Human mind is strange. I shared in one previous post that I have been assessed and my rank downgraded from excellent (E) to high (H). I pretended even to myself that I have been able to take it in my stride and am kool and okay with it. I asked the boss about reasons and what I could do to improve myself, but was brushed off politely saying u r good, this happens, will discuss sometime, which I am sure will never come.

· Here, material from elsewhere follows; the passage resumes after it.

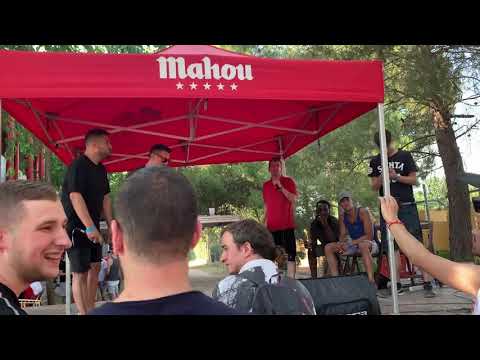 A7 FUCKFAME VS BS | OCTAVOS | STALOW FEST| BATALLÓN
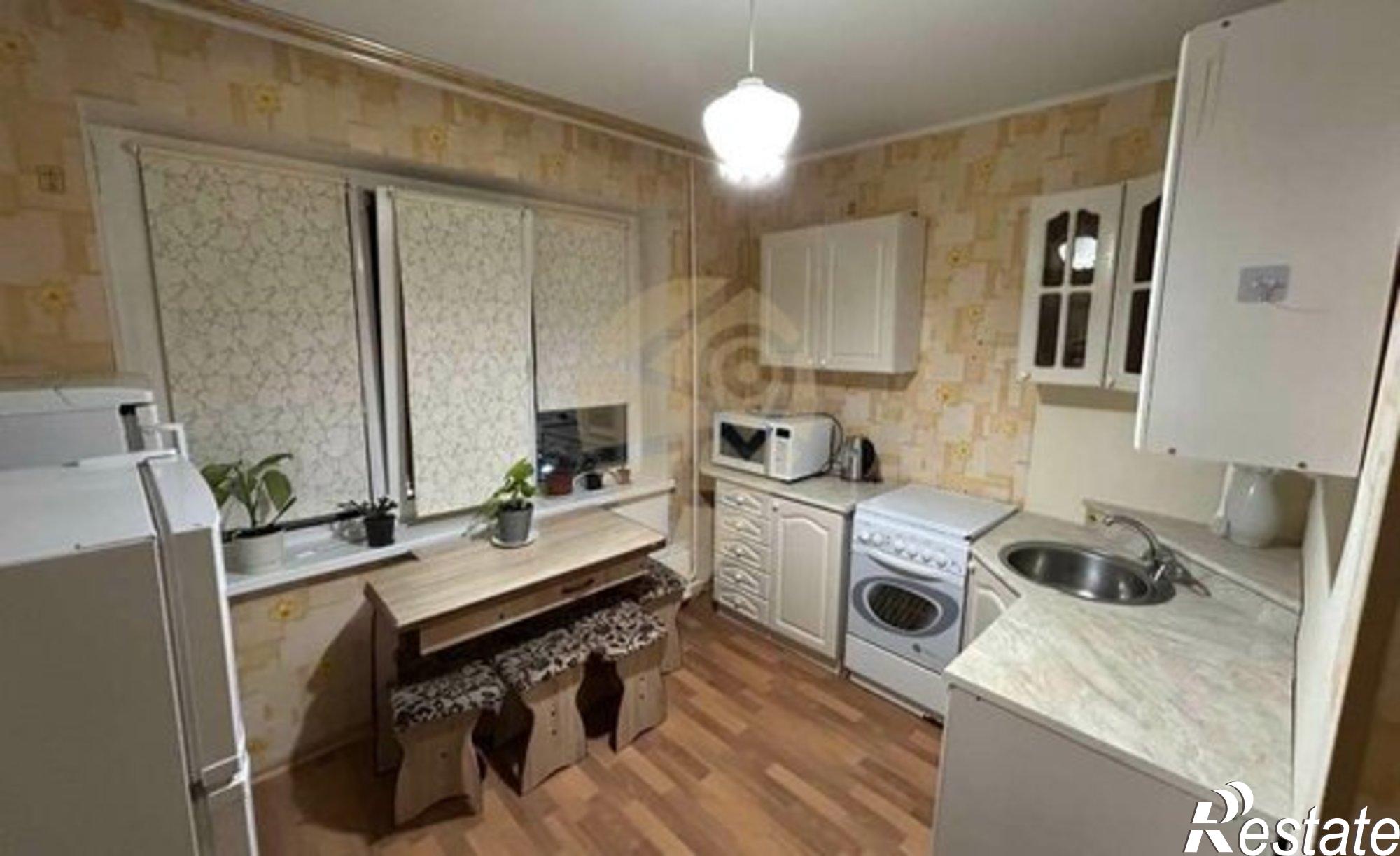 Купить квартиру за 4 100 000 рублей на Олимпийский мкр, 20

Right so things must go on, but reality is not so. Now whenever boss goes away after office time and asks me to sit and wait for some important task, my heart burns. Whenever there is a holiday or weekend and I am asked to do some office work, I feel like reacting but I stop myself. Whenever boss attempts to praise me I get edgy and reply back harshly. When other colleagues leave at 5-30 and I am expected to work overtime, I feel frustrated. Whenever I am admonished for small lapses of my team, I feel my blood boiling. But non-assertive me, always keeps quite. But internally I know all this is the result of E to H downgrading. I am still not able to digest it well. Though objectively the new boss is well within his rights to assess me as he wishes, but still downgrade is not easy to take.
Another problem I am facing with this boss that demotivates me is that he interacts directly with my reportees, gives them tasks without telling me, monitors those tasks directly, but when something gets delayed, I am expected to take care of this. I am not saying that he can’t interact with the millennials, as HOD he has right to do so. But then if they don’t act or respect me, he is to blame, as boss has given them undue weightage, and they think nothing of me in front of boss. Now they also don’t mind directly interacting with boss, without keeping me in the loop. I try to act kool, but I don’t like this.
Then there is this ex-boss, who keeps digging holes for the present boss and expects me to help him, which I don’t, as I owe my loyalty to organisation not bosses. Yesterday only he sent some unit press release to boss. Boss called me and asked to mail to media. I edited it and sent some pix of CEO to media. Now this ex-boss calls me and starts giving lecture, why you did not research, why you did not talk to me, why you did not do this and that. I kept silent, he got the message and said take care in future. Same day earlier he called me and asked to arrange a car for a journo. Now he is ex-boss and I have to act with orders of present boss. So I asked how do I do it, he shouted that is your problem. I am literally screwed from both sides. God knows when I will be out of this grinding mill.
But all this frustrates and irritates me no end.